- Your assignment:
Within the records below, find the line with "Anthropologie Faux Leather" and the line with "Bague de fiançailles", then reproduce exactly those two lines and all lines between them, without any picture.

- Records shown:
◆ ◆ ◆ ◆ ◆ ◆ ◆

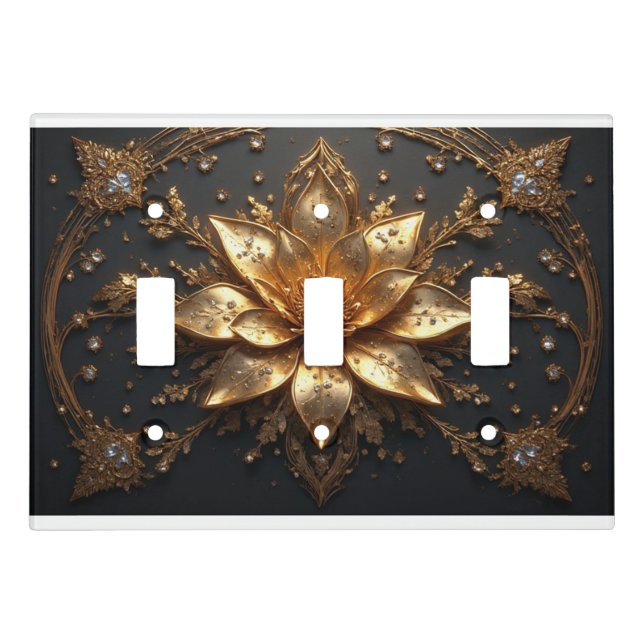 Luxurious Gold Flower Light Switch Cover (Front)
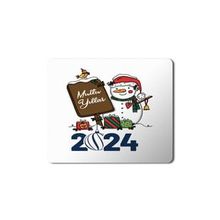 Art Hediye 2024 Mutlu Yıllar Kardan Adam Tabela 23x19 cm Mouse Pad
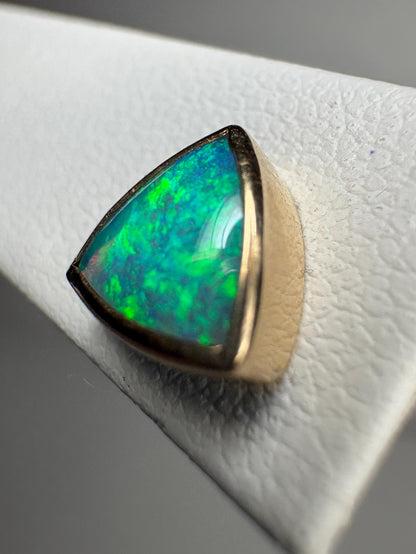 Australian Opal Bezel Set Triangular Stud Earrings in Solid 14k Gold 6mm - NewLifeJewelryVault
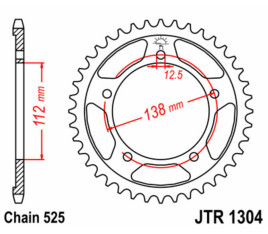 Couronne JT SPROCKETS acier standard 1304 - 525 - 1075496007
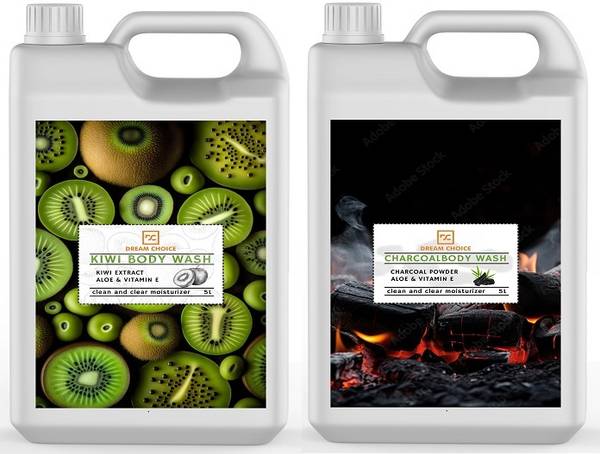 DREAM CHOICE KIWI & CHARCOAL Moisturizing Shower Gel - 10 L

◆ ◆ ◆ ◆ ◆ ◆ ◆

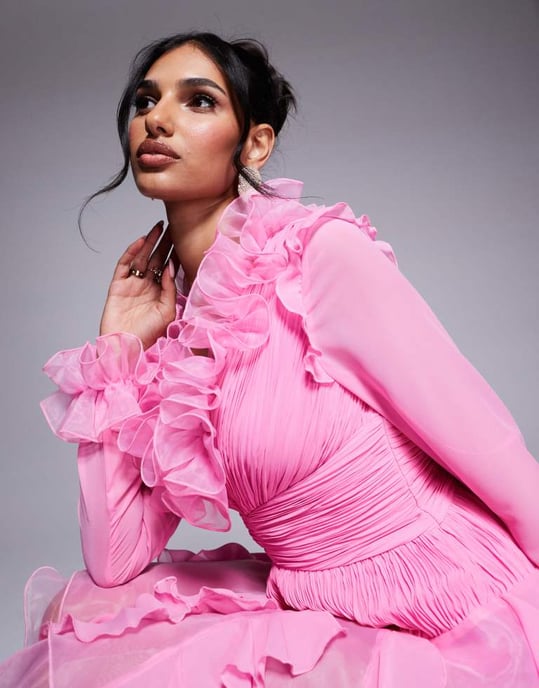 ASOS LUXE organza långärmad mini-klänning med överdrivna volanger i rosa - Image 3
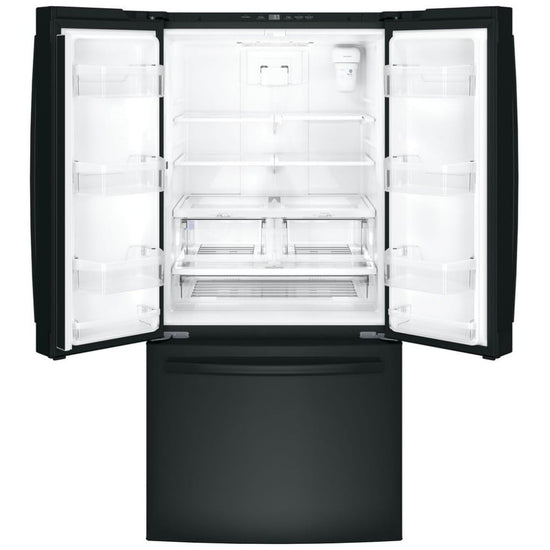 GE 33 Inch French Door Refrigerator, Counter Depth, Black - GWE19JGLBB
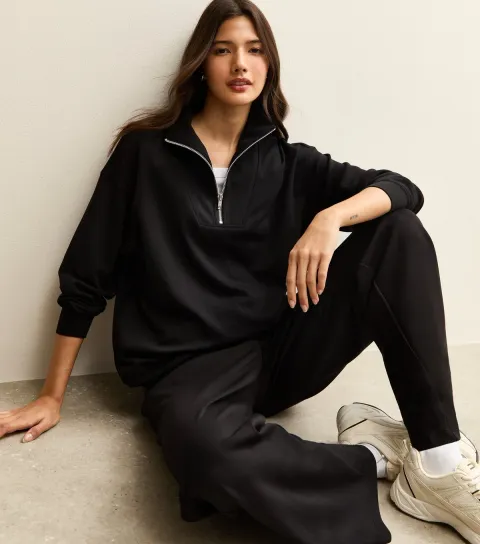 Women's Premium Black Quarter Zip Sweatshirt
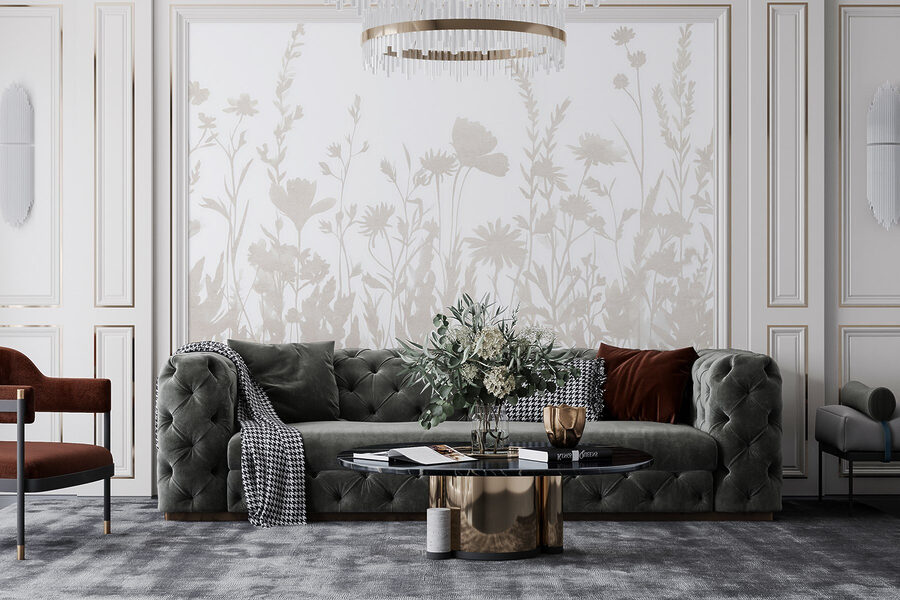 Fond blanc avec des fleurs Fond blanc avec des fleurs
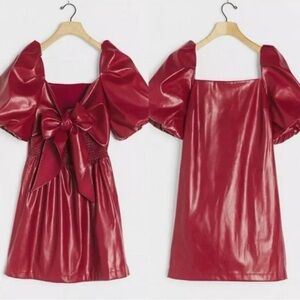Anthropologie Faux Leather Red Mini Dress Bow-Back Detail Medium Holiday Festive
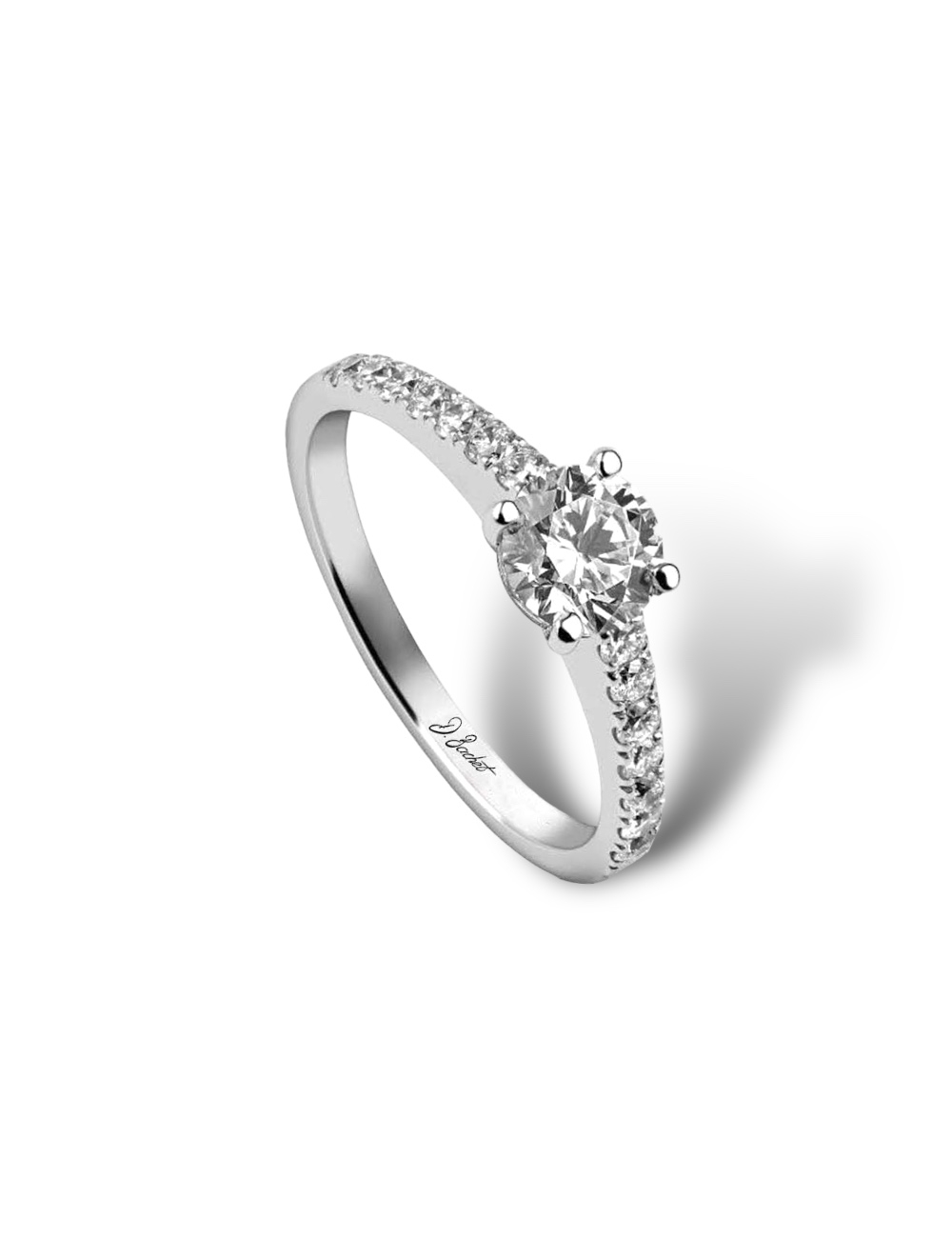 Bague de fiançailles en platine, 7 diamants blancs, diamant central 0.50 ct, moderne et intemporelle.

◆ ◆ ◆ ◆ ◆ ◆ ◆

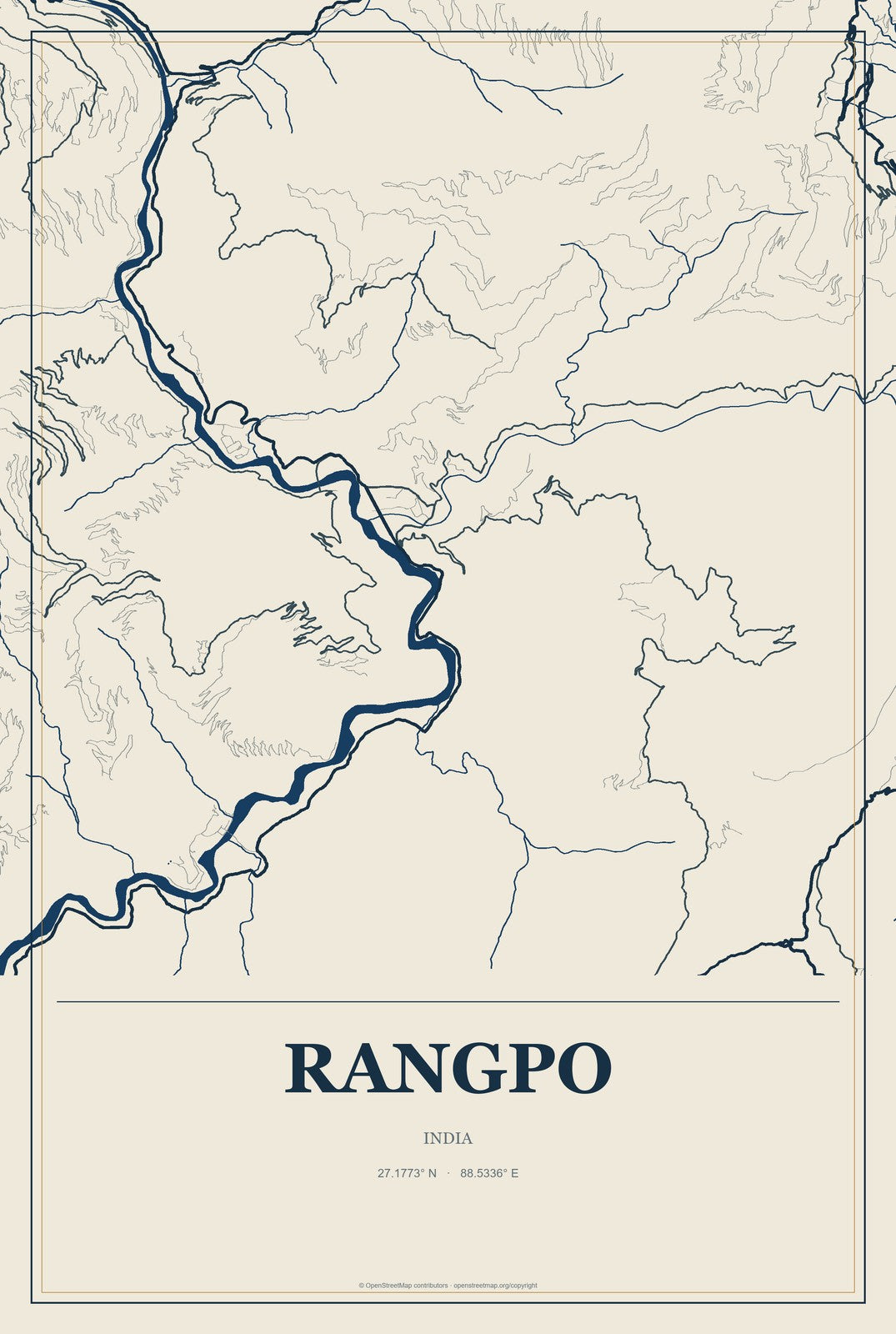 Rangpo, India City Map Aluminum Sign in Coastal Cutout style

◆ ◆ ◆ ◆ ◆ ◆ ◆

- Written solution:
Anthropologie Faux Leather Red Mini Dress Bow-Back Detail Medium Holiday Festive
 Bague de fiançailles en platine, 7 diamants blancs, diamant central 0.50 ct, moderne et intemporelle.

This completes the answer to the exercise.